Exercise objective: Every line from the beginning of the records below up to the one holding "وليد أزارو: لا توجد مباراة سهلة في كأس العرب" should be quoted exactly; leave out the rest.

Short descriptive text snippets
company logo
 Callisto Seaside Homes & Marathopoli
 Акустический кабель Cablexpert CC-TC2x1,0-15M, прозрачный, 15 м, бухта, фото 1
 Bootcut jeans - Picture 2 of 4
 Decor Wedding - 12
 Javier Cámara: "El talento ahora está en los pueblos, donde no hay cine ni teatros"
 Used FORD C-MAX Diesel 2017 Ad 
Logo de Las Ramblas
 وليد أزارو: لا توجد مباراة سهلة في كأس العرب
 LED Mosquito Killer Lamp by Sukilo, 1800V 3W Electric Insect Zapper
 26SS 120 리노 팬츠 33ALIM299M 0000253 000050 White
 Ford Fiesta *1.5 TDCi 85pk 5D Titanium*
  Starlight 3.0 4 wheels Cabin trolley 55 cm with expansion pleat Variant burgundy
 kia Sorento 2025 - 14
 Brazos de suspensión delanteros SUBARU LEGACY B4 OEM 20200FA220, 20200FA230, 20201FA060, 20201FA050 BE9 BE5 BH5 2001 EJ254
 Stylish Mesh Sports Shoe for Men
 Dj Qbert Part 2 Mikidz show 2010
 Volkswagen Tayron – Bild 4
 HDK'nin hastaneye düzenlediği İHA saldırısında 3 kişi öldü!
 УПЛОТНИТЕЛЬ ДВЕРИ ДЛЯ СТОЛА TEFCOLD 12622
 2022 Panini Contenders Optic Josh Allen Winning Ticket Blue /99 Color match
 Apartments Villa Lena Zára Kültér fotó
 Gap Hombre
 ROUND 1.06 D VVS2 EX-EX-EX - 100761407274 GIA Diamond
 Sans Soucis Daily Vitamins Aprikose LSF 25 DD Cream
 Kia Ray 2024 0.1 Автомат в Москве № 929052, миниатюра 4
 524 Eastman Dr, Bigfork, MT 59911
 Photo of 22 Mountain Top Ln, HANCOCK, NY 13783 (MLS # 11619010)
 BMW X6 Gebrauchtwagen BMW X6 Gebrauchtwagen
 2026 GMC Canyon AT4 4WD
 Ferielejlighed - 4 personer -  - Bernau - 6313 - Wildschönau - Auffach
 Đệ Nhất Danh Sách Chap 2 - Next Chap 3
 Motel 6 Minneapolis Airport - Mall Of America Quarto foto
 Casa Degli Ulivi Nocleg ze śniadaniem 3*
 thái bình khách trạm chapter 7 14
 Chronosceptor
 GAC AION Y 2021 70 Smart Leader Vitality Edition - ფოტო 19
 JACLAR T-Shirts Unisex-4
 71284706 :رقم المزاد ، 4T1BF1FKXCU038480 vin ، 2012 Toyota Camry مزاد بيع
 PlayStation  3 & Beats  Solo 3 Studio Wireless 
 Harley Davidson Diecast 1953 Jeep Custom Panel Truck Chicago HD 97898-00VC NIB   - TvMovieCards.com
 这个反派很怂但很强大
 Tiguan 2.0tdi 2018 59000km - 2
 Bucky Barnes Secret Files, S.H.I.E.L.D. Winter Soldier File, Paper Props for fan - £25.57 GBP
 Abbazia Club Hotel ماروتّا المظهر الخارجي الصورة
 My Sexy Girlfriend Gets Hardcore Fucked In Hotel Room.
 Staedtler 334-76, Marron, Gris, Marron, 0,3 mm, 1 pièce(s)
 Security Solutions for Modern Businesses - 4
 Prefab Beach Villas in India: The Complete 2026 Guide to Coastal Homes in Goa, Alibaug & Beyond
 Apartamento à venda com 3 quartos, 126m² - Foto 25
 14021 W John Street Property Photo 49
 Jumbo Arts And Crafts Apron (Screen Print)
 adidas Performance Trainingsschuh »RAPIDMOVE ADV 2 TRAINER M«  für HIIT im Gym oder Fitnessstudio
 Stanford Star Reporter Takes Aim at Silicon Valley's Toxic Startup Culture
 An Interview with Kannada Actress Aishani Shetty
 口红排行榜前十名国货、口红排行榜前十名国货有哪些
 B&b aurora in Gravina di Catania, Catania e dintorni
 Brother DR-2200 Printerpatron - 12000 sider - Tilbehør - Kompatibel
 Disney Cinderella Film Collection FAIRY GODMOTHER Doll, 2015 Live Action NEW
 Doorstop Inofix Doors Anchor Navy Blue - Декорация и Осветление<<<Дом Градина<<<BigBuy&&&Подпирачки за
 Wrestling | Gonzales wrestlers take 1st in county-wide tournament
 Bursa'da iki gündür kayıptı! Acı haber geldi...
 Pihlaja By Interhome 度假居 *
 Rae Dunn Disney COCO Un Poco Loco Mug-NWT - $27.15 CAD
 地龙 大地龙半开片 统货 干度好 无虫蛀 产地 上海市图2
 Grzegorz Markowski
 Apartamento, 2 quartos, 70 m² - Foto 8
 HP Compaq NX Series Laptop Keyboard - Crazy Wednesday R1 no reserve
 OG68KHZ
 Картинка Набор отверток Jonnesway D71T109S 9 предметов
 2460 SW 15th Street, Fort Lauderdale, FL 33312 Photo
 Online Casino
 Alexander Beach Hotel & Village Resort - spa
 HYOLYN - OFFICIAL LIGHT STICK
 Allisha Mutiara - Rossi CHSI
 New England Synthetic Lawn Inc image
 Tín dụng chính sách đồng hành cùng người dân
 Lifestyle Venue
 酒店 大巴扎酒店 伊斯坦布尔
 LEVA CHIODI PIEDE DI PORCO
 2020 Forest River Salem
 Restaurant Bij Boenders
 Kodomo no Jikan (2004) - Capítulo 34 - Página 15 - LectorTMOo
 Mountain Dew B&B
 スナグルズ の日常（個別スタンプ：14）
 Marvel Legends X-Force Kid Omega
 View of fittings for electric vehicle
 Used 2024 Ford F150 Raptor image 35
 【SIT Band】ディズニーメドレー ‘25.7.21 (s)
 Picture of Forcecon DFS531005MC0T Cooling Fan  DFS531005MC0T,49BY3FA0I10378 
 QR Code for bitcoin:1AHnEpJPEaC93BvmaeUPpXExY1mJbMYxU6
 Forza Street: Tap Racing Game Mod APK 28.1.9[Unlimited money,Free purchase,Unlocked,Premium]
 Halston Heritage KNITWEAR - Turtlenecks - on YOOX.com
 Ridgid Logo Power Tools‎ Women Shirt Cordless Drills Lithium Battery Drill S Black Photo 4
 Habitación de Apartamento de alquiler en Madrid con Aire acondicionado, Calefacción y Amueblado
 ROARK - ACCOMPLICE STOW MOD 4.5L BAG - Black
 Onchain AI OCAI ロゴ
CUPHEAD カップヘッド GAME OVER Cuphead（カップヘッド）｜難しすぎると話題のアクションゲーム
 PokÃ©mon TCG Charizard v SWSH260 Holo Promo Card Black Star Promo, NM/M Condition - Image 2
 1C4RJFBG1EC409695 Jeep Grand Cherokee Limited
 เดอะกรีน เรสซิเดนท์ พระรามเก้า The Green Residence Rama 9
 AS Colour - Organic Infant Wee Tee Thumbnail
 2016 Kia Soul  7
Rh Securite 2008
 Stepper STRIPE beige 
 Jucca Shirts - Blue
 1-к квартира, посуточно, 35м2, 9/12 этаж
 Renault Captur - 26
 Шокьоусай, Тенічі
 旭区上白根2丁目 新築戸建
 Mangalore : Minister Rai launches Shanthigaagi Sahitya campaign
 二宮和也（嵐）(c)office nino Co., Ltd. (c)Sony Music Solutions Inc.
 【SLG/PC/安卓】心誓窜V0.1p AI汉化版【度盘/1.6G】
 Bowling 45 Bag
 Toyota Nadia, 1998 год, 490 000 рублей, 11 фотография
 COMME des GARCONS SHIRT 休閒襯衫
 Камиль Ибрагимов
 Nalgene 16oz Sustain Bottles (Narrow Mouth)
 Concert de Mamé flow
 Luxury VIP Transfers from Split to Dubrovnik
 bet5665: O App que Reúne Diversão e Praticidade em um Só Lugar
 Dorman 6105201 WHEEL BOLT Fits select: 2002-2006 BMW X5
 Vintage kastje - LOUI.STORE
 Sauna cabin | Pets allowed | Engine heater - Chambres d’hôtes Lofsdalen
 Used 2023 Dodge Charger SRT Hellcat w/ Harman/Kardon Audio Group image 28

Output for this exercise:
company logo
 Callisto Seaside Homes & Marathopoli
 Акустический кабель Cablexpert CC-TC2x1,0-15M, прозрачный, 15 м, бухта, фото 1
 Bootcut jeans - Picture 2 of 4
 Decor Wedding - 12
 Javier Cámara: "El talento ahora está en los pueblos, donde no hay cine ni teatros"
 Used FORD C-MAX Diesel 2017 Ad 
Logo de Las Ramblas
 وليد أزارو: لا توجد مباراة سهلة في كأس العرب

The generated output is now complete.